(Information supplied Opens)

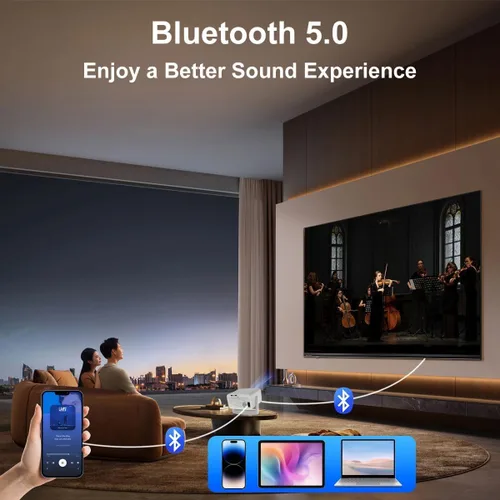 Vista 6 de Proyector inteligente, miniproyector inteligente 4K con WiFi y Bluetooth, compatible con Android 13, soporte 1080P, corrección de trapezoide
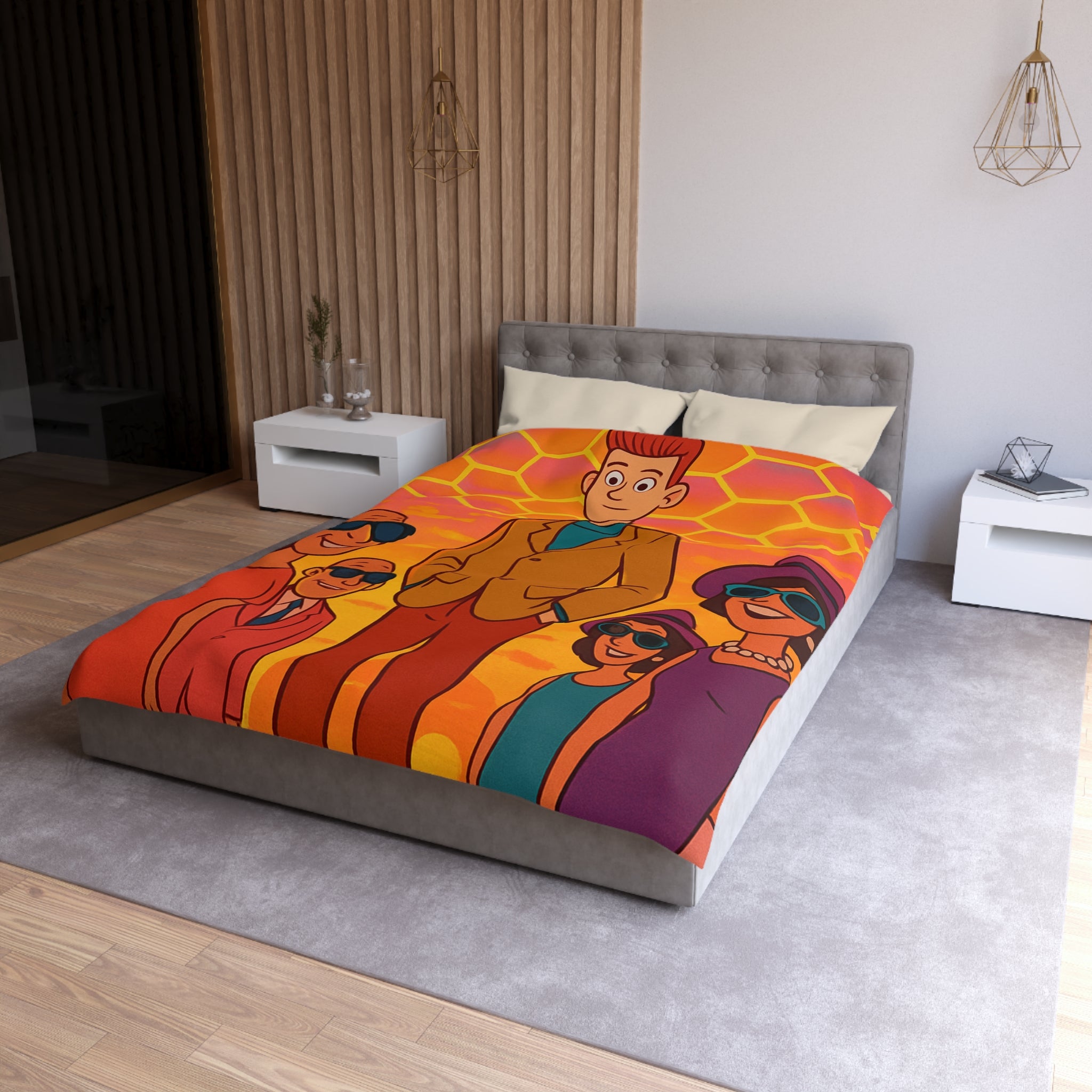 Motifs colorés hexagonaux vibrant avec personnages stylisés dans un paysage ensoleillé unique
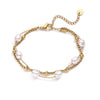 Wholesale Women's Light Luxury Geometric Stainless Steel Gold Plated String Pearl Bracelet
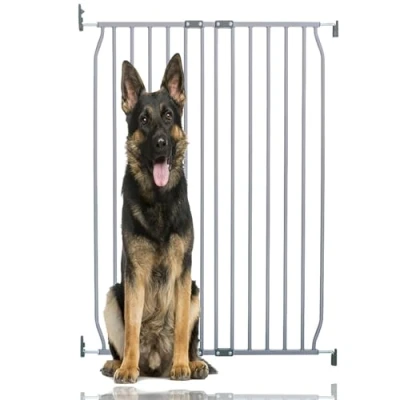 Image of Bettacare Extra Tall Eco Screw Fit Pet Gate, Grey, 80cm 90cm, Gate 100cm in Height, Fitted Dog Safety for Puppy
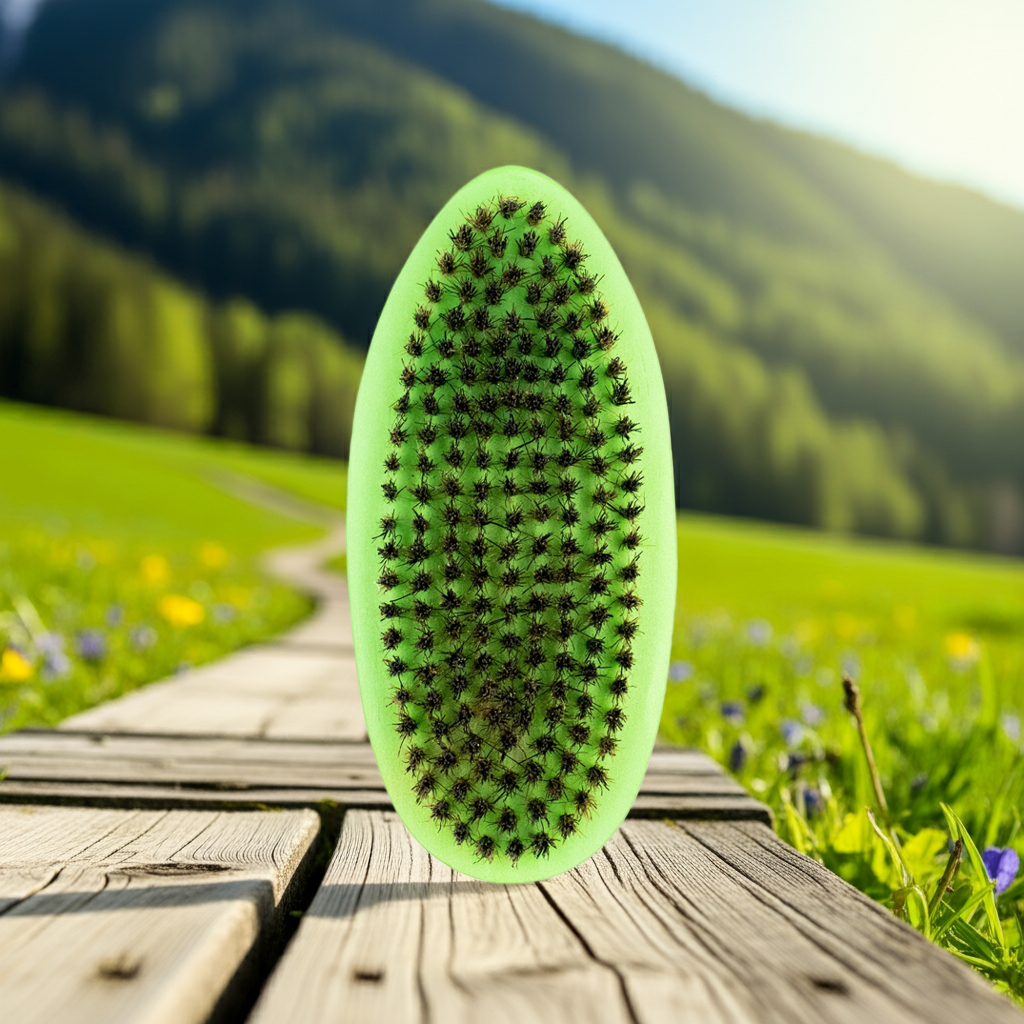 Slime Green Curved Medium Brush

(Information supplied Closes)
(Information supplied Opens)

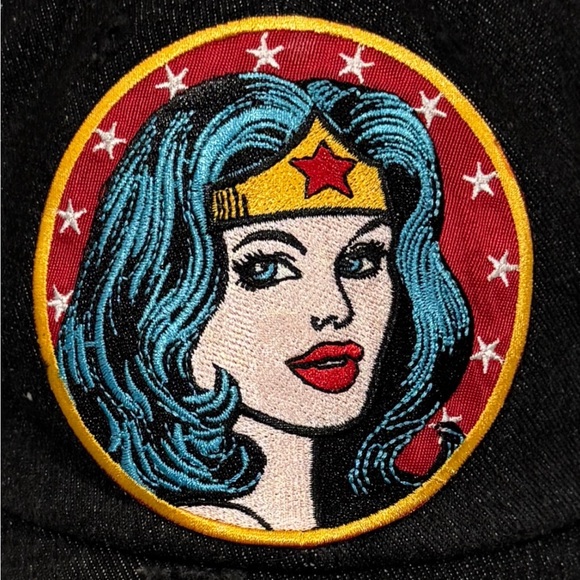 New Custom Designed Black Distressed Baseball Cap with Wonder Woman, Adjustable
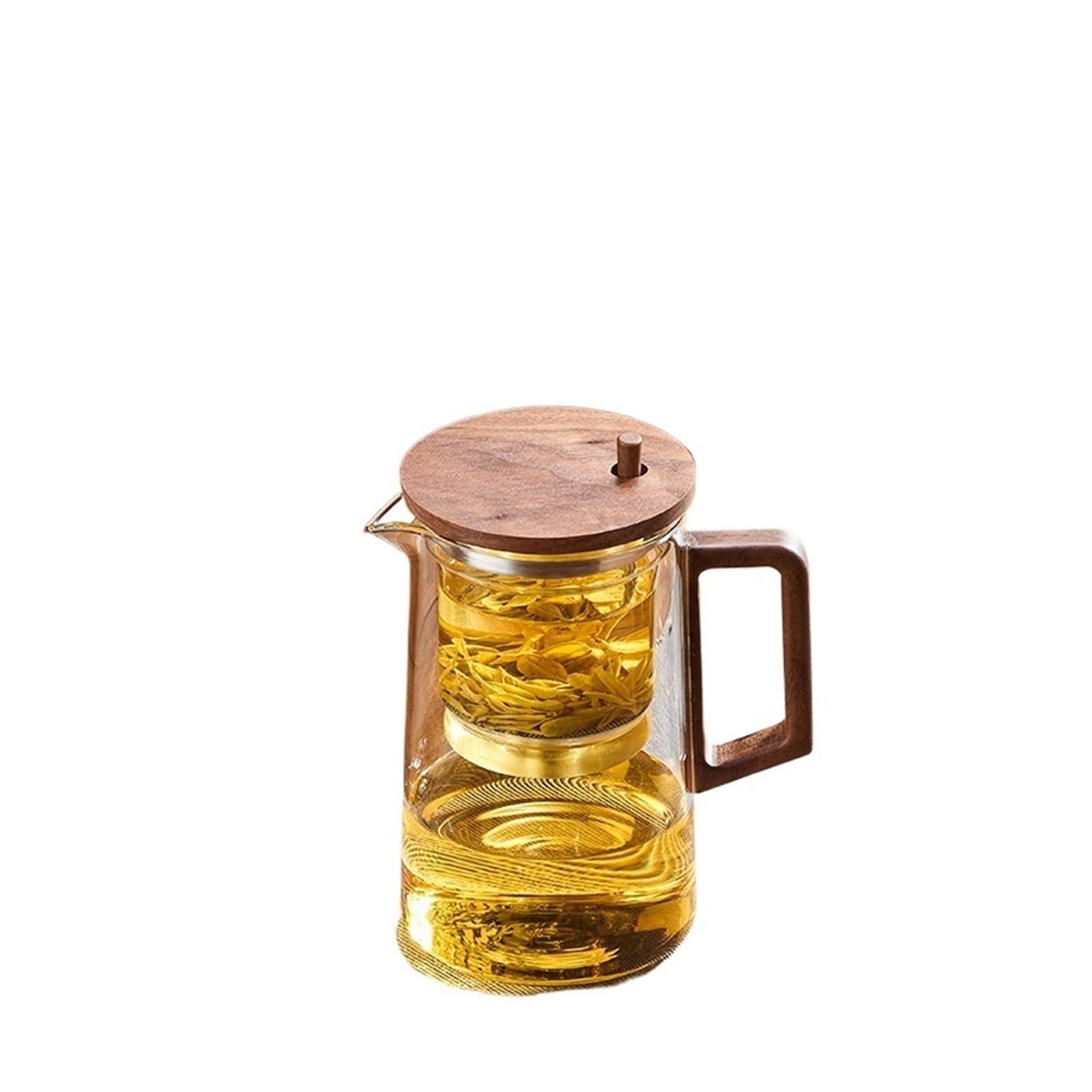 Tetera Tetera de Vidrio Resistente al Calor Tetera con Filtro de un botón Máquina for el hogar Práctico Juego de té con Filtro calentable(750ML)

(Information supplied Closes)

Aim of the exercise: Transcribe only the lines above that start at the line containing "Vista 6 de Proyector" and end at the line containing "Slime Green Curved Medium Brush". Omit pictures.

Solution for this task:
 Vista 6 de Proyector inteligente, miniproyector inteligente 4K con WiFi y Bluetooth, compatible con Android 13, soporte 1080P, corrección de trapezoide
 Motifs colorés hexagonaux vibrant avec personnages stylisés dans un paysage ensoleillé unique
 Wholesale Women's Light Luxury Geometric Stainless Steel Gold Plated String Pearl Bracelet
 Image of Bettacare Extra Tall Eco Screw Fit Pet Gate, Grey, 80cm 90cm, Gate 100cm in Height, Fitted Dog Safety for Puppy
 Slime Green Curved Medium Brush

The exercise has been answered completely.